# Thread: Row-equivalent matrices

1. ## Row-equivalent matrices

Hi,
I am having trouble with this question:
With these two matrices,

$\left(\begin{array}{ccc}2&0&1\\1&3&1\\5&-3&2\end{array}\right)$ and $\left(\begin{array}{ccc}1&a&b\\a&1&c\\b&c&a\end{ar ray}\right)$

What numbers a, b, and c make them row-equivalent

I know that if their row equivalent, they have to have the same reduced row echelon form. So I tried approaching it from this angle, but I can't really transform the second matrix to a reduced-row echelon form

Any suggestions?

2. normally, that's how we do it. But alike yourself, i'm having trouble figuring out RREF humm

maybe we can supposed to use some other facts about row-equivalent matrices?

if someone can help out, which i'm sure of, i would be interested in technique of approaching this problem as well. Thanks.

3. here is an approach that might do the job.

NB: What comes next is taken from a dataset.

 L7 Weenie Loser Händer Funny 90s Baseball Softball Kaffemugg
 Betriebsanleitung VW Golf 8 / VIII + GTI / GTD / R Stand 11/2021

$A= \left(\begin{array}{ccc}2&0&1\\1&3&1\\5&-3&2\end{array}\right)$ and $B= \left(\begin{array}{ccc}1&a&b\\a&1&c\\b&c&a\end{ar ray}\right)$

use linear combination facts (swamp, pivot, and scale) to match entries of matrices A to that of B.

make...

{ note: r = row; c = column }

A (r1c1) = 1 b/c B (r1c1)

A (r2c2) = 1 b/c B (r2c2)

A (r2c1) = A (r2c1) = A (r3c3) b/c B (r2c1) = B (r2c1) = B (r3c3)

A (r3c1) = A (r1c3) b/c B (r3c1) = B (r1c3)

and

A (r2c3) = A (r3c2) b/c B (r2c3) = B (r3c2)

Unless i'm really gone mental (which could be the case this night lol) the above technique should be valid.

After all, as you said, two matrices A and B are row-equivalent iff RREF of matrices A and B are the same.

We can take matrix A, find it's RREF, which is also the RREF of matrix B that is row-equivalent to A, and then go back to B humm

P.S. i'll give those #s a try later tomorrow.

4. That seems valid, but in terms of finding the right elementary operations, it seems like it would be guesswork. I'm not sure exactly where to start since there are so many possible operations.

By the way, the RREF of matrix A is

$\left(\begin{array}{ccc}1&0&1/2\\0&1&1/6\\0&0&0\end{array}\right)$

5. unfortunately you're right...too many possibilities to consider.